Sentiments like that – as well as the monumental level of commitment that internationalist comrades like her have made – reveal in part the psychology of war, but more than that what it means to fight with conviction. It’s the main reason that ‘the Kurds’ in the Syrian context have been the most effective force against Daesh despite for so long having been rather primitively equipped with 4-decade old Kalashnikovs and a lack of body armour. The reason why they win on the battlefield is because the battle of ideas has already been won in their minds and hearts. Nothing can stop a force equipped with that degree of willpower.

The morning that the news of the Karachok attack was making its rounds in the international media, I felt heartbroken to realize that I knew not only the location of the attack – as it had been the last place I visited in Syria – but also several of the fallen hevals. One of these was a YPJ fighter known as Destan.

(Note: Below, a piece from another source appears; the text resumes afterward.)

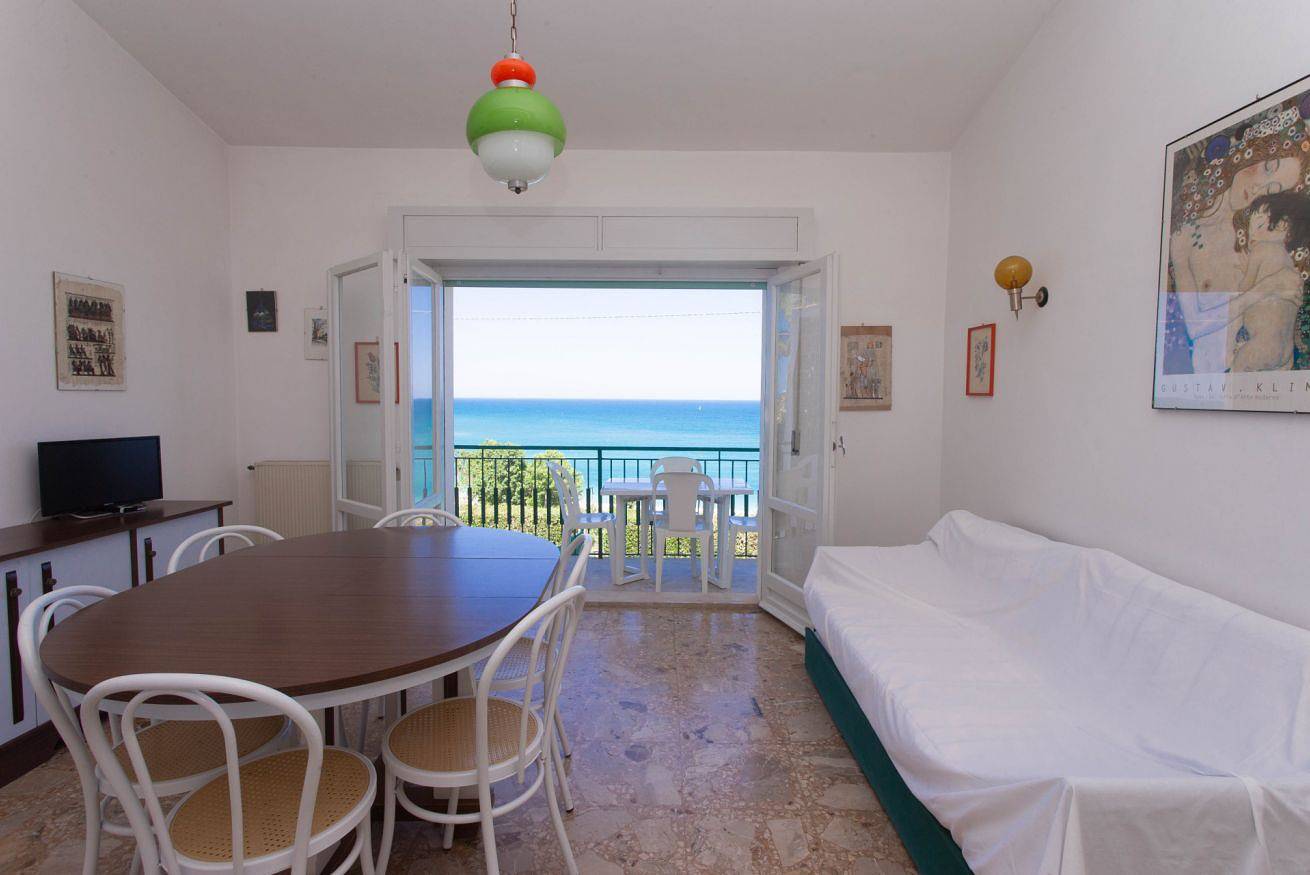 Apartamento entero, N128 - Numana, three-room apartment with sea view at 200 meters from the beach in Numana, Riviera del Conero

She had left a lasting impression on me when I met her in Derik along with her siblings. I remember that they all teased me as to why I hadn’t learned Kurdish yet (I tried my best to insist that 2 weeks in the country wasn’t long enough to pick up the language). She was curious about the revolutionary struggle in the US, and through translation we managed to have some fascinating conversations. Her words about the YPJ have stayed with me, and it was these sentences that I remembered upon seeing her face across the internet, emblazoned on a shehid poster: ‘There are actually similarities between the YPG and YPJ and Daesh. I mean that in the sense that we both fight without fear. But while Daesh fights because they want to die – to go to paradise – we fight because we have something to live for.’

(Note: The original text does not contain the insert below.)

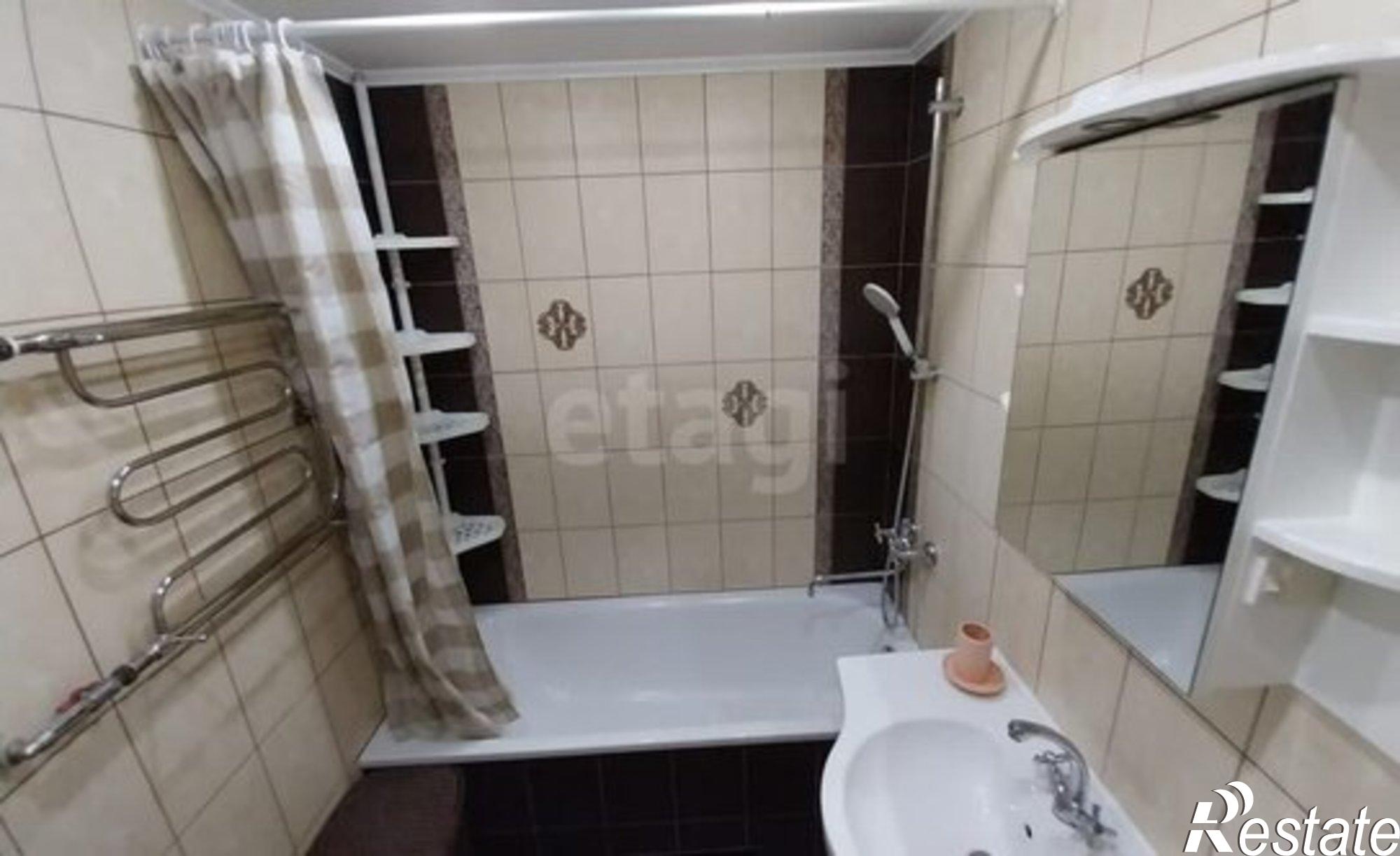 Купить квартиру за 12 800 000 рублей на ул Молодогвардейцев, 24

It was a moment to be remembered, like so many on a daily basis in Rojava. It wasn’t just what she said, but the manner in which she said it. This wasn’t just propaganda that was spat out by the party, absorbed by its cadres and then spat out on an individual level. This was something she truly believed. Even with the language barrier obviously causing some issues in terms of understanding, body language doesn’t lie. Her sincerity in everything she said and did was beyond dispute.

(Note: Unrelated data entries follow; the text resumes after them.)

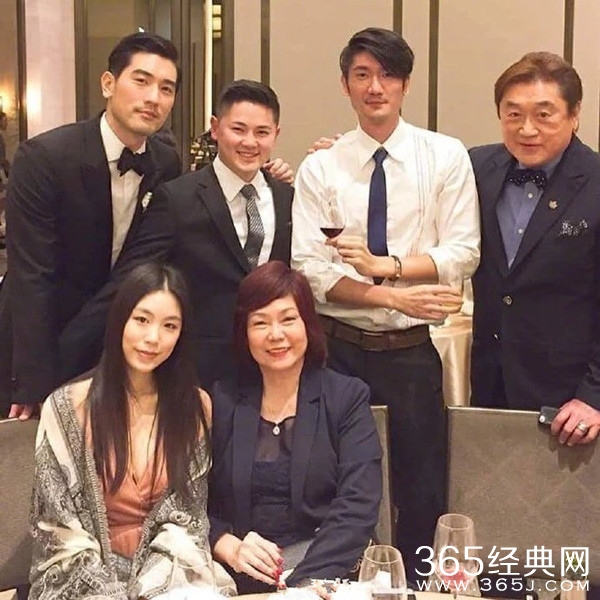 高以翔生前与女友的合影 妈妈希望为其祈祷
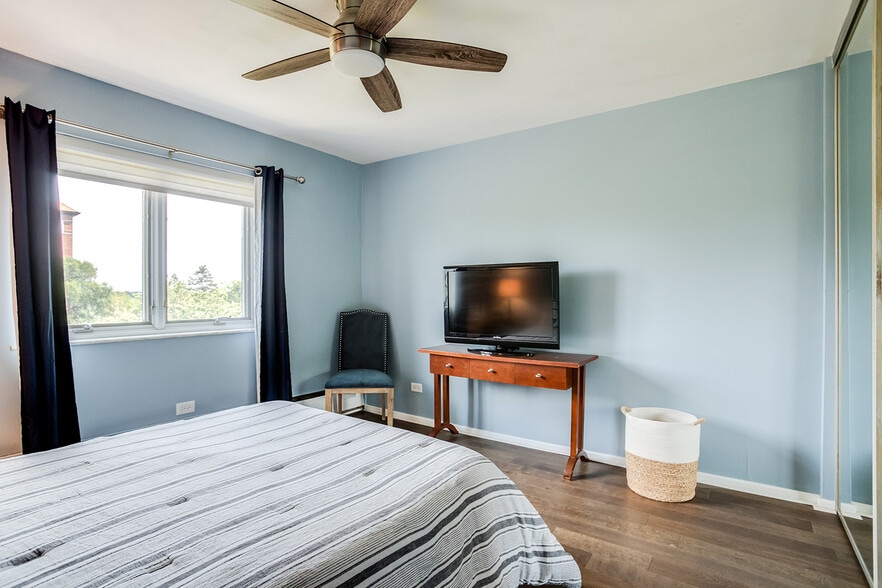 Great views from bedroom - 2928 Dean Pky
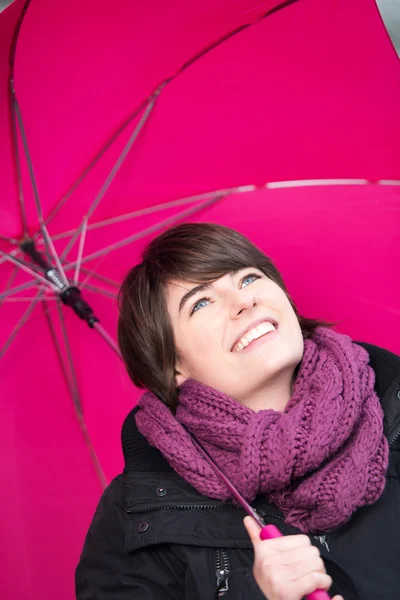 Jeune femme avec parapluie — Photo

Heval Destan’s death is a blow to humanity. I mean that not just poetically, or because it sounds romantic, or because I want to exaggerate her significance. Her demise at the hands of Erdogan’s anti-women government was an attack upon the women’s liberation movement globally. The Kurdish struggle is very adamant about their revolution being about more than just the liberation of ‘their’ people, but being the vanguard struggle for the entire planet. It’s an assessment I agree with, and Destan’s words in an interview she conducted a few years ago retain their validity today, even after her murder: ‘I hope that Kurdish women can inspire women all over the world. We are not only fighting for Kurdish women but for women all over the world.’

I don’t truly know how to do justice to the legacy of the comrades like Destan and the countless others who have been taken from us prematurely either at the hands of the reactionary Turkish state or the faux-caliphate of Daesh. I’m reminded of something that was said to me on numerous occasions in Rojava about who is and who isn’t a revolutionary. Even those I encountered who have been committed members of the Kurdish revolutionary movement for decades did not regard themselves as revolutionaries. I asked one YPG fighter why they refused to identify themselves this way. ‘Well, you have to see it this way. The only ones we see as revolutionaries are the shehids. We know that they died revolutionaries. Until one does, there is the chance they will abandon or betray the revolution. But the shehids never committed treason. They stayed true to the end.’

Heval Destan, as well as the other 21 murdered at Mount Karachok, were the truest of revolutionaries. It is a path to aspire to, not only for those living and fighting in Rojava, but for the whole of progressive humanity. To live by the values and ethics of the society that we desire to create will be our revenge in the face of the forces of darkness.